Exercise directions:
Of the entries below, return exactly those lines that fall between the one containing "view of front of home with a patio area" and the one containing "Mörkblå Peak Performance", the two end lines included.

Dataset entries
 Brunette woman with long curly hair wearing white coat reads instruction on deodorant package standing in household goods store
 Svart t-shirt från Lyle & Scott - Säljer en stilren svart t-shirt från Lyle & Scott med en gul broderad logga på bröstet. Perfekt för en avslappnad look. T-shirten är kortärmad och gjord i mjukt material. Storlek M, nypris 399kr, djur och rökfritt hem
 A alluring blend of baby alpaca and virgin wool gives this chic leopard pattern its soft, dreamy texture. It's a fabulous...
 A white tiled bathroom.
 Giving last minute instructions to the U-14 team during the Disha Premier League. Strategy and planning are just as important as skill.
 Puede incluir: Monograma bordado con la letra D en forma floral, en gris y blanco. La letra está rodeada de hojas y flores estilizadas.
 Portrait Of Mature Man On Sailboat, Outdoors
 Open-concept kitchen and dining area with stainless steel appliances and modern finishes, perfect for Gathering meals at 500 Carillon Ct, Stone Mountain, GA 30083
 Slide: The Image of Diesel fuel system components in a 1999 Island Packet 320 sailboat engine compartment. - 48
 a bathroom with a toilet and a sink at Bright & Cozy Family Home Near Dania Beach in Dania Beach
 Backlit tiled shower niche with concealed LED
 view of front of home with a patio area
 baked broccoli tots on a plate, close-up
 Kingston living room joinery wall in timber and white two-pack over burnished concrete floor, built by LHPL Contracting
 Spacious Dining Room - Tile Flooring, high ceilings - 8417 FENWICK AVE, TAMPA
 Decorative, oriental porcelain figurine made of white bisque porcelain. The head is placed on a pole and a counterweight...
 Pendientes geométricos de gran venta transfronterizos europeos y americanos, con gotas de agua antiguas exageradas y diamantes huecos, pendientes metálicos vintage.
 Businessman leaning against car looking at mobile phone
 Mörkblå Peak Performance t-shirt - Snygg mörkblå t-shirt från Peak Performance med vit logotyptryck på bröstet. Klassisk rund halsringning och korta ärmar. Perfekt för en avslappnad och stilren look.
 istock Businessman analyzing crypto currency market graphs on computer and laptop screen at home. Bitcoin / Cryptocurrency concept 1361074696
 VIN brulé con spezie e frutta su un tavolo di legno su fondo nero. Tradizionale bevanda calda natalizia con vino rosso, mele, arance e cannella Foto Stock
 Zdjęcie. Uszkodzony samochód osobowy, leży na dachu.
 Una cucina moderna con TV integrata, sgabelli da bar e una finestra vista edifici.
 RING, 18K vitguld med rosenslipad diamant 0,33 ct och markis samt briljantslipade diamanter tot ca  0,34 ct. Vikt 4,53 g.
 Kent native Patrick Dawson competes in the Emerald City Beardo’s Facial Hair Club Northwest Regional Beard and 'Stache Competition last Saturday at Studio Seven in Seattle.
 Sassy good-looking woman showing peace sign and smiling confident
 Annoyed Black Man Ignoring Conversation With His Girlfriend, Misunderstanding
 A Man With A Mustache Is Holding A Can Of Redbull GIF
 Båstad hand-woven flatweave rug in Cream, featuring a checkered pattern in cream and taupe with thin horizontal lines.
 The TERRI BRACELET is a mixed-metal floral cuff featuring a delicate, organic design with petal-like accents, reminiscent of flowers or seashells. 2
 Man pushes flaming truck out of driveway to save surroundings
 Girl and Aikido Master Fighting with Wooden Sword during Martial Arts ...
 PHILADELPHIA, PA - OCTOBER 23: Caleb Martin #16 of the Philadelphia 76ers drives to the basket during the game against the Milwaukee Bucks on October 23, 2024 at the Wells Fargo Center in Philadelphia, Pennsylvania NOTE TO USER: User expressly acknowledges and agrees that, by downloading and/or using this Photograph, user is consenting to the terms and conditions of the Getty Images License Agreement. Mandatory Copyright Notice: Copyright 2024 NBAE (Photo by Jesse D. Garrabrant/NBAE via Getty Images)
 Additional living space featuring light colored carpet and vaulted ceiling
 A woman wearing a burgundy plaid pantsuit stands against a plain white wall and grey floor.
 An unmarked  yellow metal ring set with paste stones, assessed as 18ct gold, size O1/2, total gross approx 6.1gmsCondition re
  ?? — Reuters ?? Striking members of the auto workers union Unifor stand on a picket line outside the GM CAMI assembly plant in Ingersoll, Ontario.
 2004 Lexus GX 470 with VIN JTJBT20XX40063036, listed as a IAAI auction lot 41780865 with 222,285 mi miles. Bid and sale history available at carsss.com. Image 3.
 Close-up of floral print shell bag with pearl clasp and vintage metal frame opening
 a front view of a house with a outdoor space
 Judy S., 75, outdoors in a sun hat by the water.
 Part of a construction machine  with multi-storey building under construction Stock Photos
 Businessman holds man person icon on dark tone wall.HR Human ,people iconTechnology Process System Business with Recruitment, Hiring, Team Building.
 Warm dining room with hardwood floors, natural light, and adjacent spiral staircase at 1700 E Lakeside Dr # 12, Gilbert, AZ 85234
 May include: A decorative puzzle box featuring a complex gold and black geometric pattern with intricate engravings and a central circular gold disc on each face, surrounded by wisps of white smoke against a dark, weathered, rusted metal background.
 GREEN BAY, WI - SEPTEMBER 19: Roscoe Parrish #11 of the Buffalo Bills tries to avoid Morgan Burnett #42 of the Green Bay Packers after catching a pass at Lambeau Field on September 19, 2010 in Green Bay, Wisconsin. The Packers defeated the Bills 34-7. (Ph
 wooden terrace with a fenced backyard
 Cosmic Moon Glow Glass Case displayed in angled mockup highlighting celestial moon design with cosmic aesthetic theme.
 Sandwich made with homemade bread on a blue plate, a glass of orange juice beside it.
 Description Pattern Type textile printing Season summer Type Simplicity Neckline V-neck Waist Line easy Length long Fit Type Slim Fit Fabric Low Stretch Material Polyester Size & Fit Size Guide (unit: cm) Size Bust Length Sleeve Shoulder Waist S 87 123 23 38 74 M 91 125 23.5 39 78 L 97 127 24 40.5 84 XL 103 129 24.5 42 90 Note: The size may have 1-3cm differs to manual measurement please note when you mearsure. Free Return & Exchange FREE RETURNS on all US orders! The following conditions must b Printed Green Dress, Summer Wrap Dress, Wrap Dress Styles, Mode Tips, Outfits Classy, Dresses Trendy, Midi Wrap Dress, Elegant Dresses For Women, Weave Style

Your solution:
 view of front of home with a patio area
 baked broccoli tots on a plate, close-up
 Kingston living room joinery wall in timber and white two-pack over burnished concrete floor, built by LHPL Contracting
 Spacious Dining Room - Tile Flooring, high ceilings - 8417 FENWICK AVE, TAMPA
 Decorative, oriental porcelain figurine made of white bisque porcelain. The head is placed on a pole and a counterweight...
 Pendientes geométricos de gran venta transfronterizos europeos y americanos, con gotas de agua antiguas exageradas y diamantes huecos, pendientes metálicos vintage.
 Businessman leaning against car looking at mobile phone
 Mörkblå Peak Performance t-shirt - Snygg mörkblå t-shirt från Peak Performance med vit logotyptryck på bröstet. Klassisk rund halsringning och korta ärmar. Perfekt för en avslappnad och stilren look.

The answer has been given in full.